Cross-reference are then super easy in Scrivener. You just drag the thing into the editor that you want to link to and put brackets around the name. You get a handy link yourself that you can use while writing, and the brackets make the link functional in the end.

So as mentioned one case to use raw LaTeX is when MMD doesn’t do a thing—but the above is a good example of the other case, where you want a different output than what is automatically generated. Maybe you don’t want the name of the document in a parenthetical, or want to use a different referencing package than what provides autoref, then you would have to build you own cross-reference via Styles in Scrivener or something.

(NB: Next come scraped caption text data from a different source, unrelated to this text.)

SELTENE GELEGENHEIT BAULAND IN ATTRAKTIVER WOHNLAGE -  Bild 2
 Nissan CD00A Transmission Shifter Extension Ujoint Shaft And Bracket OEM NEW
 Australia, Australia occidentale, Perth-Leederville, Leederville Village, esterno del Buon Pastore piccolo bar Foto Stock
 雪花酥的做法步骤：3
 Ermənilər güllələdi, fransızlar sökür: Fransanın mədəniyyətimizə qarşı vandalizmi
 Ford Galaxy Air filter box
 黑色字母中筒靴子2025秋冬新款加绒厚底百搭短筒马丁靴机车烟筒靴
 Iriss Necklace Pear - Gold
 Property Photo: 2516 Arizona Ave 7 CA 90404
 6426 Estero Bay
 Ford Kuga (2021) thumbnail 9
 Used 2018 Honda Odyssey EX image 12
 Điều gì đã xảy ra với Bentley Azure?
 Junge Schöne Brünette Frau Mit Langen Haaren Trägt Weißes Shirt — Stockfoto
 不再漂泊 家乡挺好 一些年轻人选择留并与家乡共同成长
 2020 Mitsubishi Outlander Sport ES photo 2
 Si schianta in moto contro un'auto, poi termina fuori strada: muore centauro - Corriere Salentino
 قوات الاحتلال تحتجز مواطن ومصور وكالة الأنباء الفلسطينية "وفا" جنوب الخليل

Very true! If you’re happy with stock output, or you have a stylesheet and preamble all supplied to you and don’t really care to make any modifications to, then chances are you won’t need to learn much at all. If you want to do something like the Scrivener user manual… yeah you might need to learn a thing or two. :wink: But even there, I was able to accomplish a good 75% of that by just searching tex.stackexchange for commonly asked questions. This is a decades old system, and I’ve found nearly everything you might need to do is answered many times over, and more often than not there is some package you can make use of that does exactly what you want and takes maybe ten minutes to figure out how to use. I would put my level of LaTeX knowledge down as “dabbler” at best. I know enough to know where to go to look for packages, where to get help when I’m stuck, and just enough to make my own simple layouts when need be. But I’m by no means an expert, which should demonstrate how far one can go with this approach with a little investment in learning.

Lastly, if you do want an approach that is closer to the source, you could try a template that looks to generate .tex on its own, without the Markdown layer. You probably will need to learn a little more if you go that route—but I’ve been taking a stab at a sort of easy-enough purist Scrivener+LaTeX compile setup, in this thread. From the sounds of it, you might have ended up with a similar template? If so—it might be intended to be used more like mine, where you are compiling to .txt instead of through any Markdown engine.